Of the 1340 episodes (49%) that were initially not admitted to the ICU, 204 episodes (15%) were still transferred to the ICU later on during admission. Interestingly the median duration until ICU transfer was only 1 day, showing that a substantial proportion of bacterial meningitis episodes that were initially not admitted to the ICU clinically deteriorated within only a few hours after admission to a non-ICU ward. Systemic complications in general, and specifically cardiorespiratory failure, were the main listed reasons for transfer to the ICU. Furthermore, both unfavourable outcome and mortality were extremely high in the transfer cohort (respectively, 66% and 30%), even compared to the cohort of patients initially admitted to the ICU. These findings raise the question to whether a more liberate ICU admission policy on initial presentation could have improved outcome, as early recognition of circulatory shock and respiratory failure is crucial for effective treatment of these complications. Even though it remains difficult to specify on an individual level whether the severity of the patients included in the transfer cohort was underestimated in the Emergency Department, the results of this study further substantiate the recommendation towards a more liberate ICU approach including respiratory and/or circulatory support for bacterial meningitis patients [17].

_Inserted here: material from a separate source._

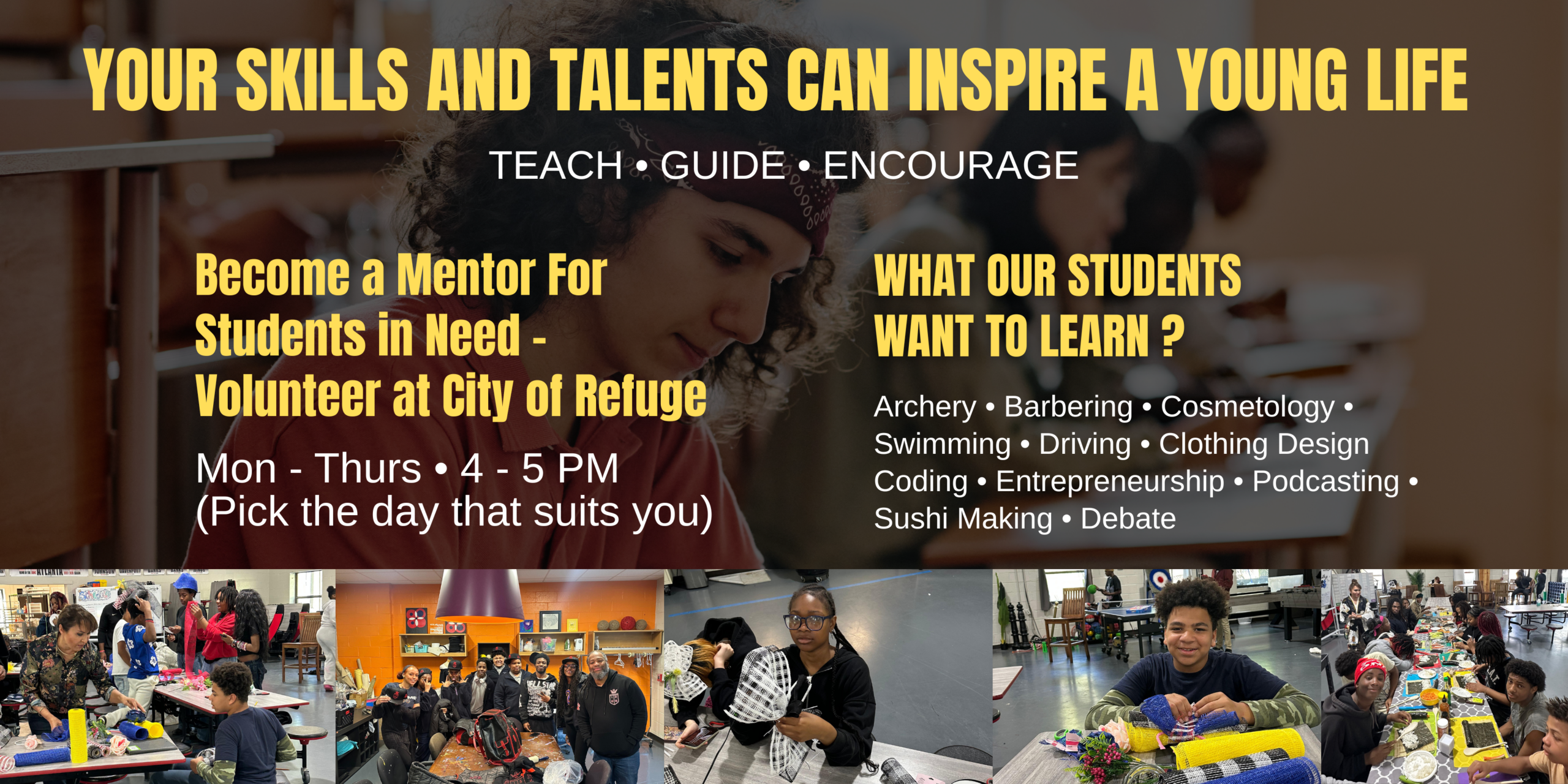 Informational hero banner promoting youth mentoring and skills programs: left column calls to become a mentor for students in need, right column lists learning topics; classroom workshop background.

Our study has important limitations. First, only patients who underwent lumbar puncture were included in the study. Therefore, patients with absolute contraindications for a lumbar puncture, such as severe thrombocytopenia in sepsis or intracranial complications with risk of brain herniation, are not included. Second, our study in an observational study. Associations between the Covid-19 pandemic, ICU admission, and outcome have been observed and make sense, but the study design precludes conclusions about causality. Furthermore, our database lacks extensive data on ICU parameters such as respiratory rate, lactate levels and vasopressor need, precluding us from an objective assessment of septic shock or ICU admission criteria. Nevertheless, our prospective nationwide cohort study including more than 2,700 patients is the most comprehensive cohort study on bacterial meningitis to date. Third, our data only include outcome data scored at hospital discharge, which is relatively early for neurological assessment of disability. Fourth, although we prospectively collected data on complications and ICU admission, the rationale of physicians to admit to the ward, a specialized care unit, or ICU remain unclear to some extent. Furthermore, due to the observational nature of our cohort, our database lacks clear criteria and comprehensive details regarding the management of patients during their ICU stay.

In conclusion, monitoring and/or treatment in an ICU is performed in the majority of adults with community-acquired bacterial meningitis. We observed that the likelihood of ICU admission decreased during the start of the Covid-19 pandemic, which was associated with an increased rate of unfavourable outcome. The majority of meningitis patients admitted on the ICU will need mechanical ventilation, but ICU monitoring is also important to recognize changes in the patient’s consciousness and the development of new neurologic signs, monitor for subtle seizures, and treat severe agitation effectively [16]. Bacterial meningitis is often associated with circulatory shock, which is an important predictor of outcome [1, 2], requiring aggressive supportive treatment [3, 44].